“That’s still the water that runs through my veins.”—Mike Polmateer, Karuk
One of the many regenerative stories that has captivated me and feels like a bright ray of hope is the undamming of Rivers.
The undamming of the Klamath River is one that deserves a wide telling. The Klamath is a ~260 mile mighty & beautiful river. It’s also a mightily dammed & diverted river, like many western rivers, with devastating ecological consequences, from water quality to fish runs.
The hydroelectric dams have blocked fish passage and altered river flows for over 100 years.
Now, after decades of indigenous advocacy, 4 downstream dams are being taken out. The first removal is complete, the remaining 3 next year. It is being hailed as the largest river restoration project in history. Prior to this, the Elwa river dam in the Olympic Peninsula was the largest such project.
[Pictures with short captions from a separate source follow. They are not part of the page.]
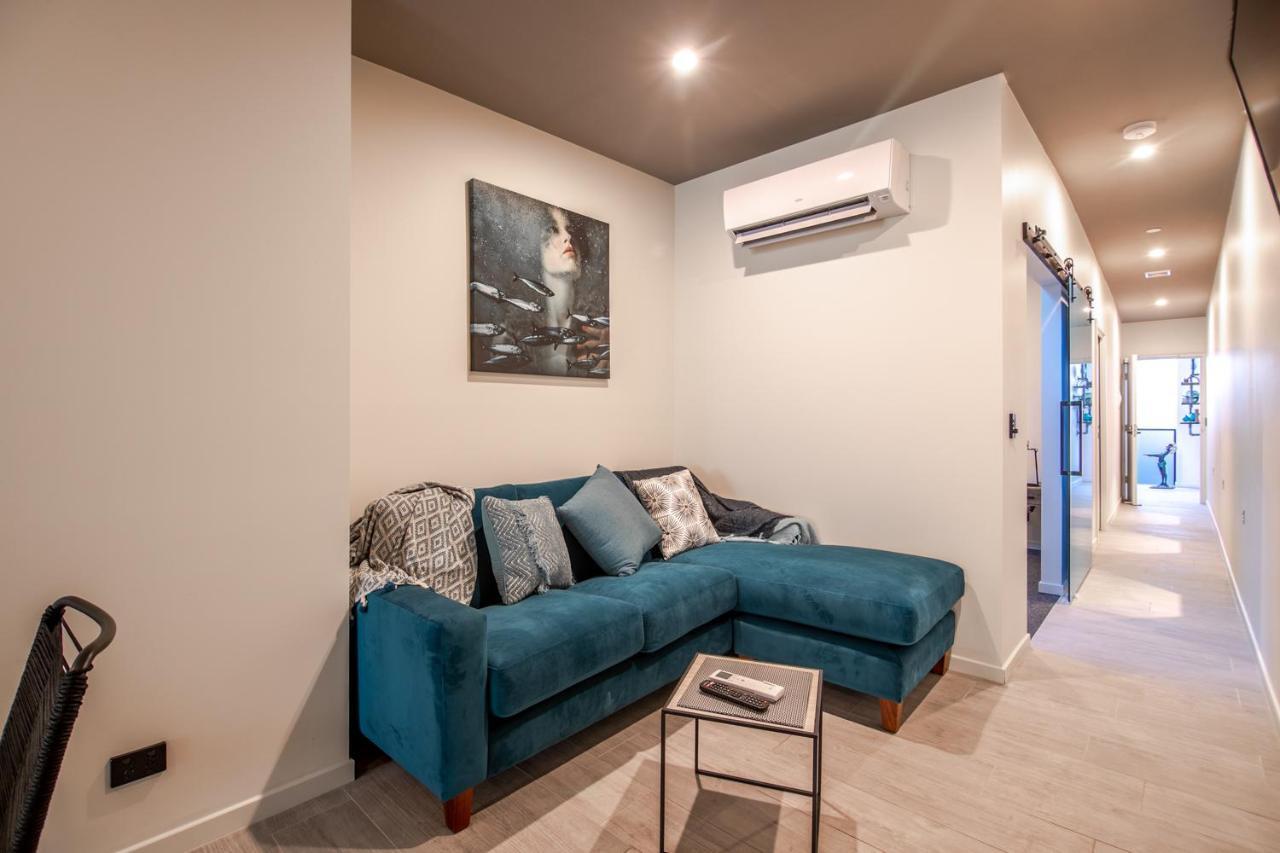 Central City Apartment Launceston Exterior photo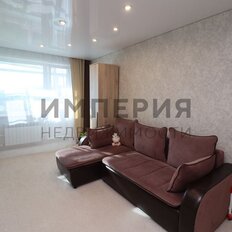 Квартира 50,3 м², 2-комнатная - изображение 4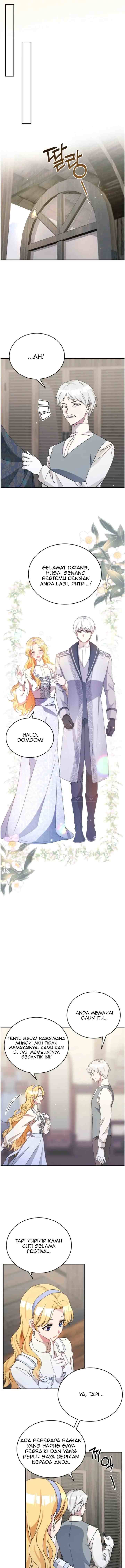 Hawar no Jardim de Inverno chapter 37 halaman 8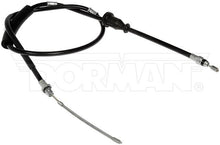 Cargar imagen en el visor de la galería, Cable Freno Mano Dorman C661414 - Mi Refacción
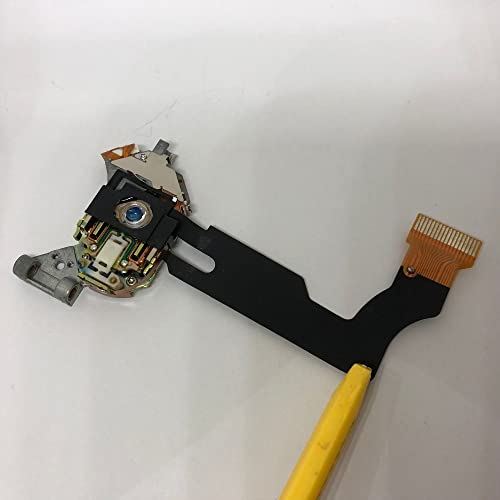 Brandneu KSS-333A KSS-333B KSM-333AAN KSM333AAN KSS-333 Laserlinsenlasereeinheit optisch for tragbare Bewegung CD Spieler von Keneddng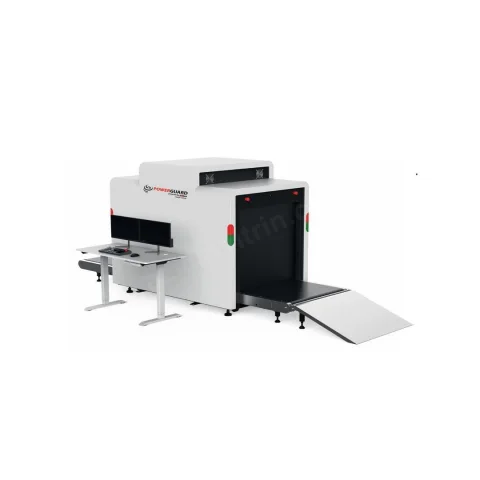 Powerguard DH-100100 Xray Bagaj Kontrol Cihazı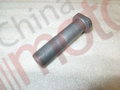 Шпилька колесная М20x1.5x77/38 (D20) Dшл29 (10,9) МАЗ-206 (задняя) "CM" (болт колесный) (шляпка обрезана)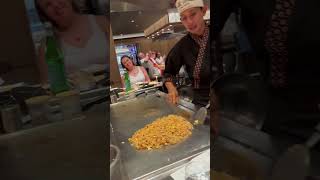 MSC World America🚢 Thursday datenight and White party🎉🧸❤️ Family vacation 2025✔️#familyvacation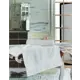 Полотенце Sofi De MarkO Anji 70x140 кремовый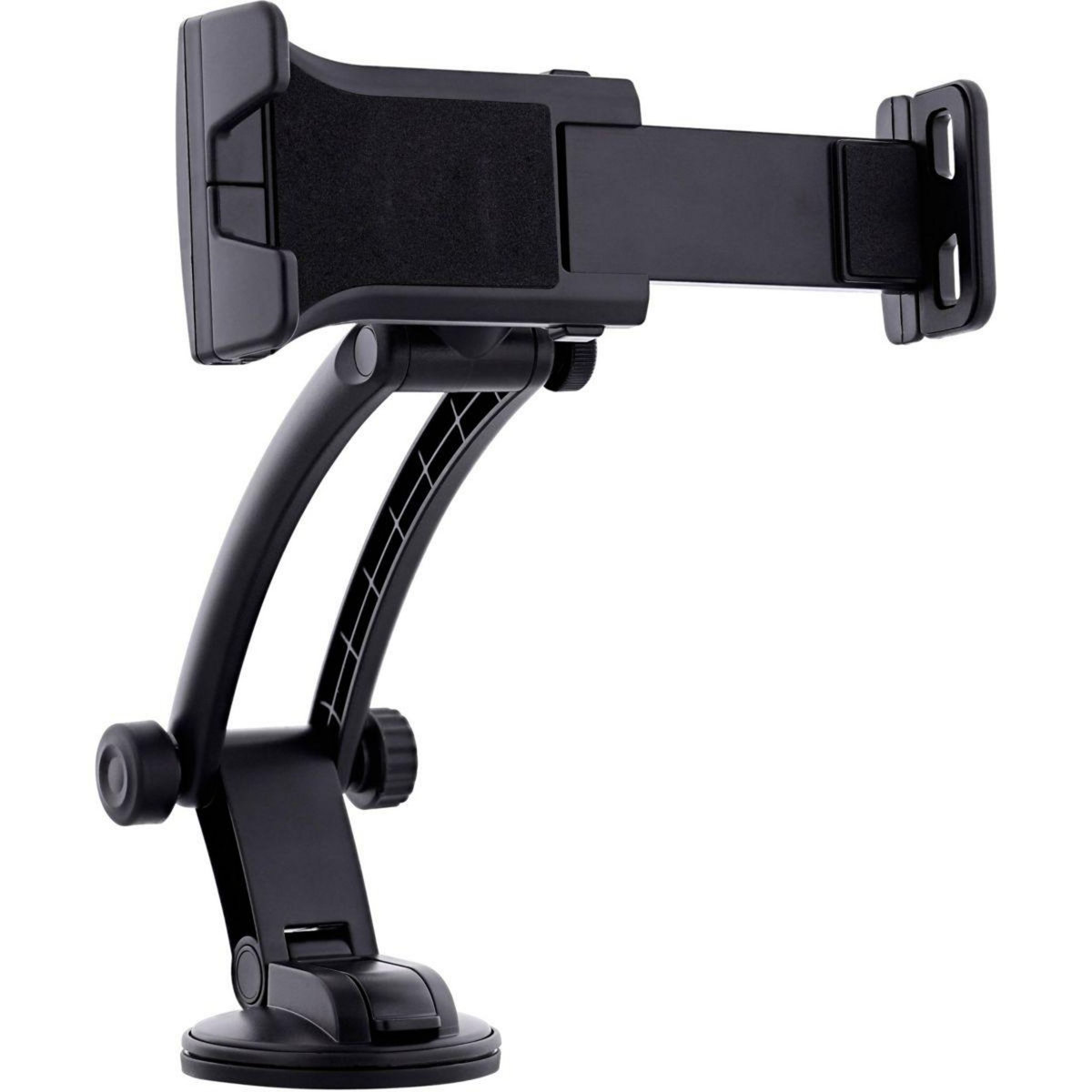 TNB Support smartphone pour tablette et smartphone noir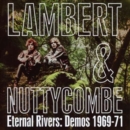 Eternal Rivers: Demos 1969-71 - CD
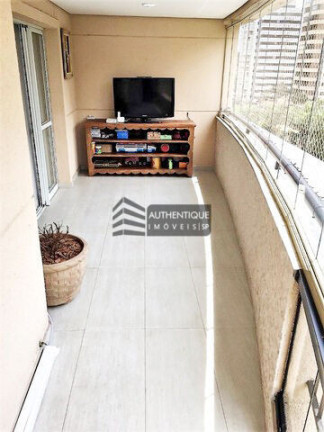 Imagem Apartamento com 3 Quartos à Venda, 114 m² em Vila Mascote - São Paulo Imagem Apartamento com 3 Quartos à Venda, 114 m² em Vila Mascote - São Paulo
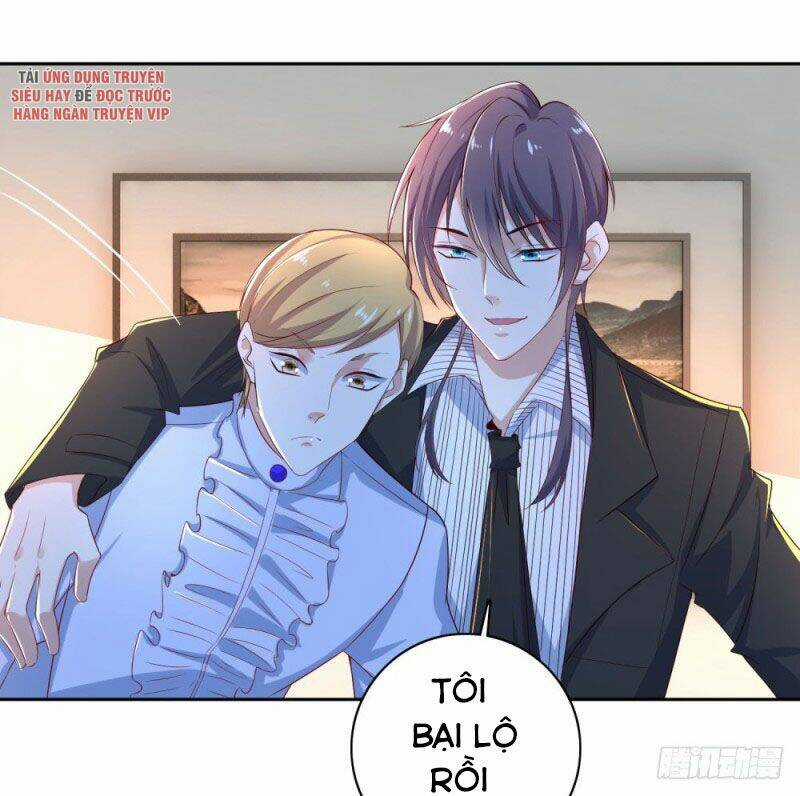 Thiên Hỏa Đại Đạo Chapter 64 trang 2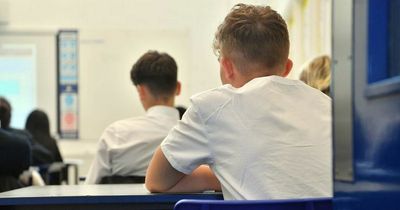 Mental health programme launched for Bristol schools to halt rising rates in teenage suicide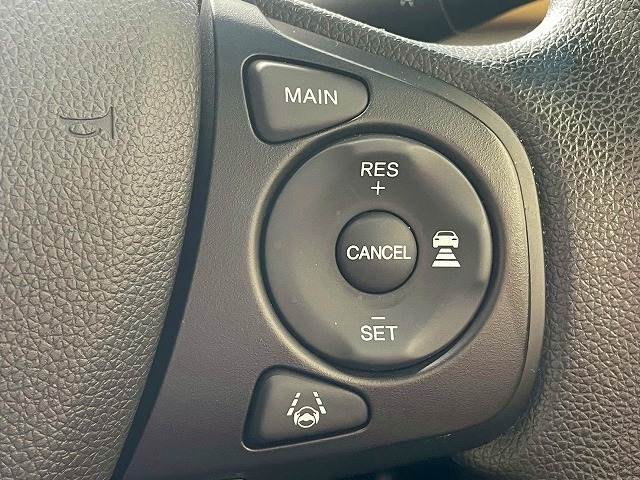 ホンダ&nbsp;フリードハイブリッドの画像6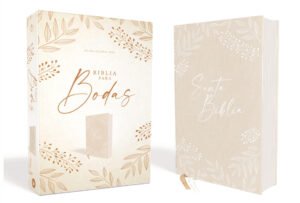 biblia de boda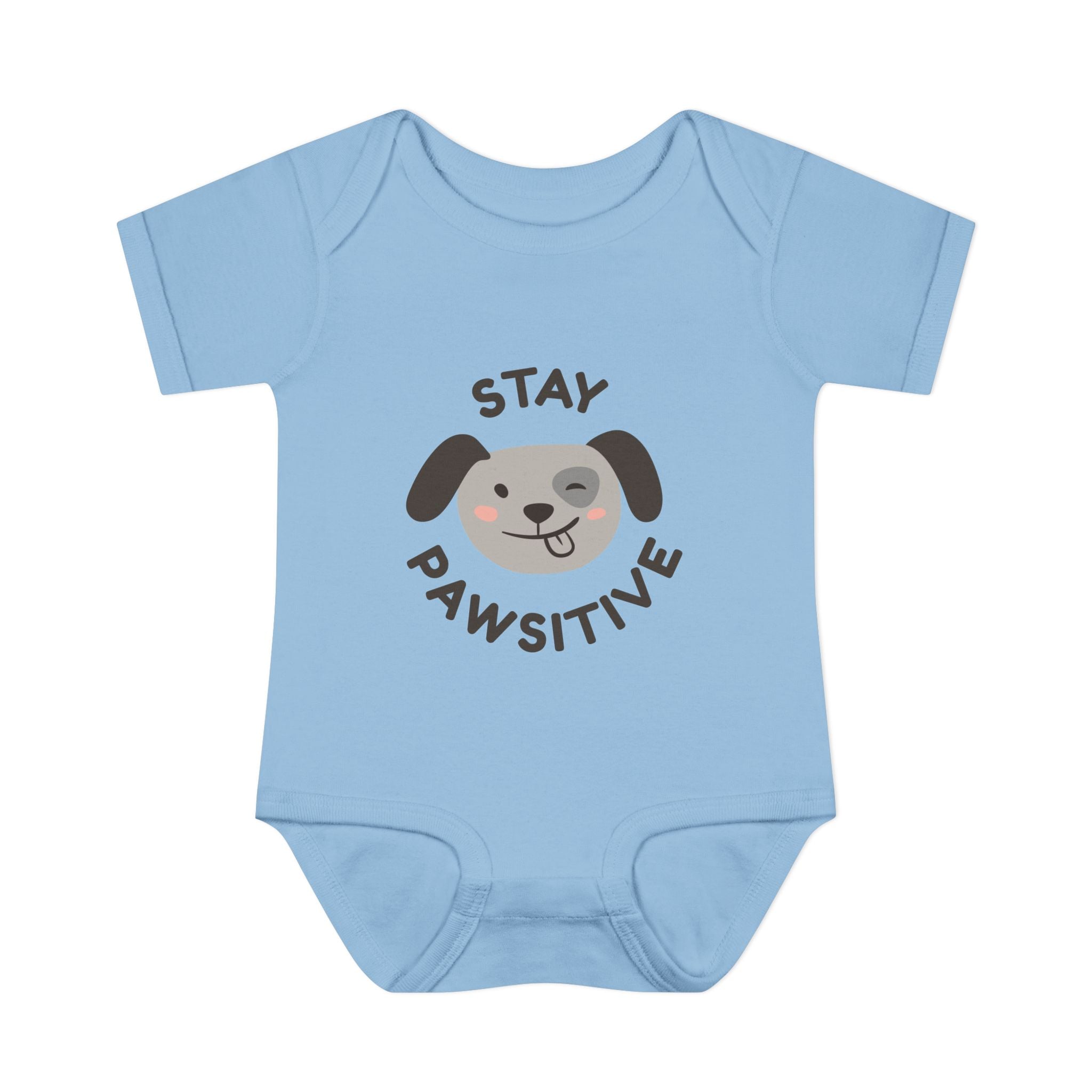 Cute Infant Bodysuit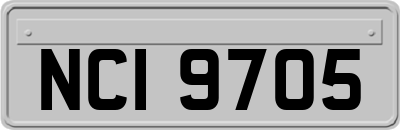 NCI9705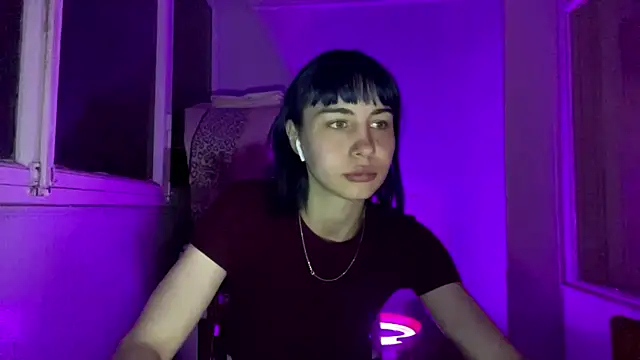 SuccubKira online show from June 3, 9:09 pm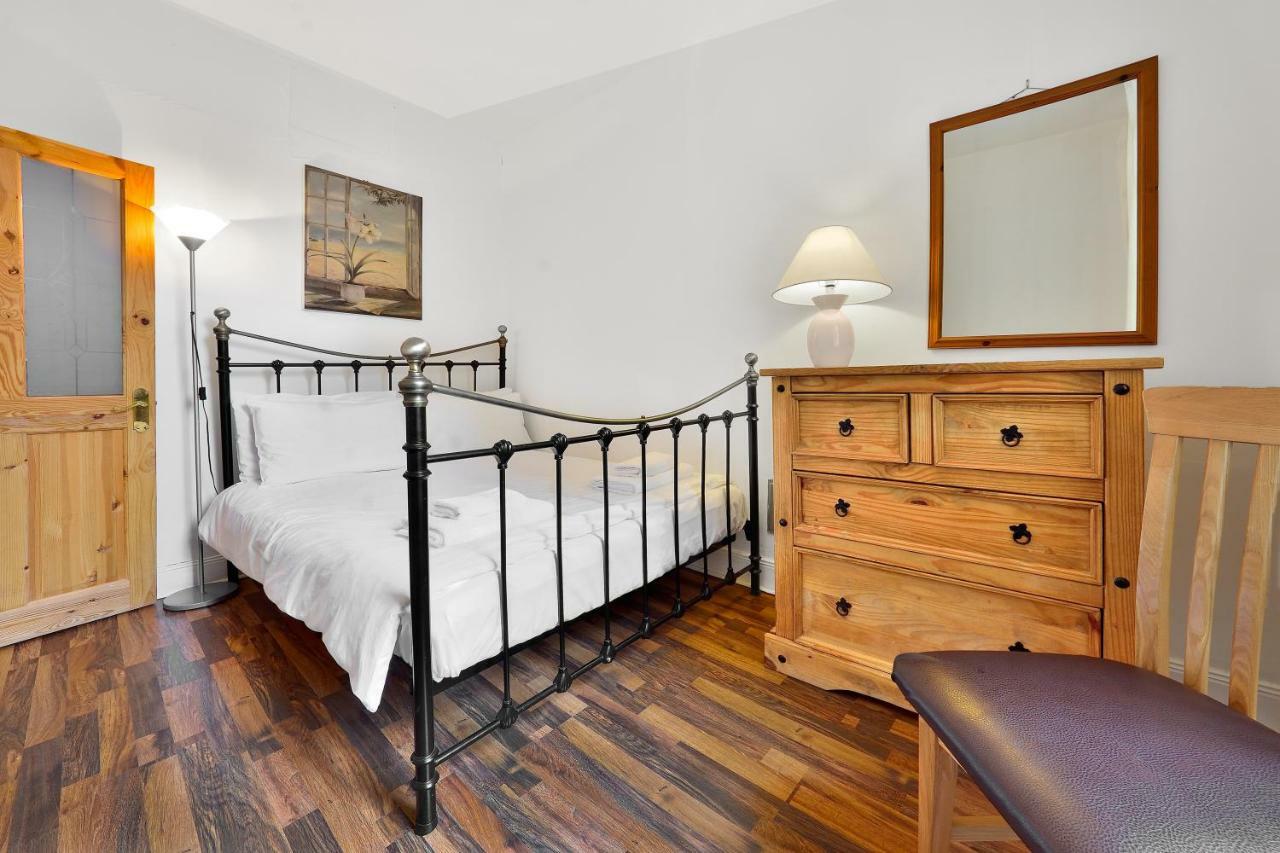 Apartment Royal Mile View Edinburgh
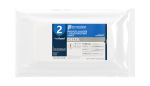 VeriGuard 2 - Delta Polycellulose C-folded Pouch Wipes - Sterile [EU]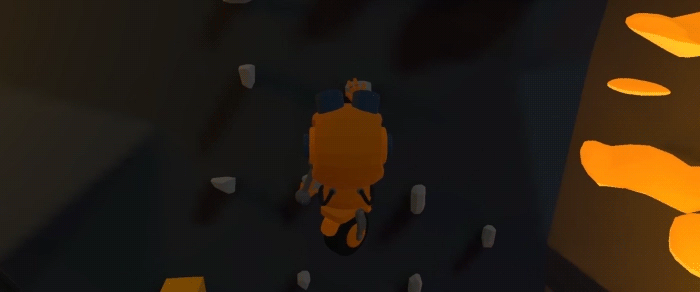 Journey Up-9gtzc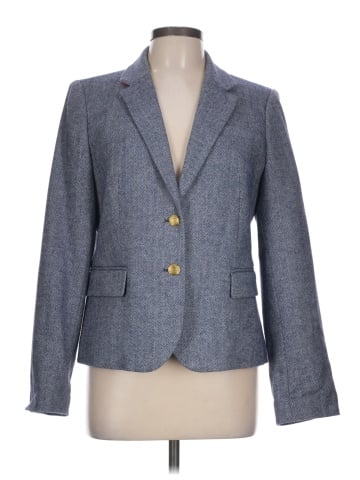J.Crew Factory Store Wool Blazer (view 1)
“We believe wholeheartedly that once the dams come down, the fish will return,” —Mike Polmateer, Karuk
One of my odd habits is following rivers. I love mouths of rivers, love learning & listening to their meandering paths, love visiting the headwaters of rivers. I’ve walked down the American River from small mountain seeps to the first dam. When I moved to so-called Humboldt, the first thing I did was walk Baduwat River 15 miles inland to the mouth as it undulates into the Pacific.
The Klamath returns to the sea just north of there in Del Norte County. I’ve visited parts of the flow from the coast to interior mountains. With the saga of the dams I wanted to better know this river, to experience the dams firsthand. So I went to the headwaters in Oregon, followed wild meandering mountain roads overlooking deep rugged canyons from juniper and ponderosa pine perched, tracing my way down to the dams back over the CA border.
In some ways, reservoirs created by dams can be beautiful; yet for me there’s always something a little off, even apart from accumulated algae, warmer waters, disturbed shoreline and development. The difference between domesticated and wild rivers seems to register in my body.
I turns out I couldn’t get close to dam removals (Copco #1 & #2), as there were significant project security perimeters. But I did spend time with Iron Gate, the furthers down river. My somatic experience, like with other damns, is one of constriction. Of incompleteness. A wounding and yearning for flow.
The restoration of this magnificent Being is difficult to convey in words. I can only imagine the impact on those who are its ancestral river people, the Yurok, Karuk and others.
This is a story I believe goes even beyond releasing of water and the return of salmon. Perhaps it is archetypal, releasing flows of energy, stories, and healing that we may not fully fathom yet.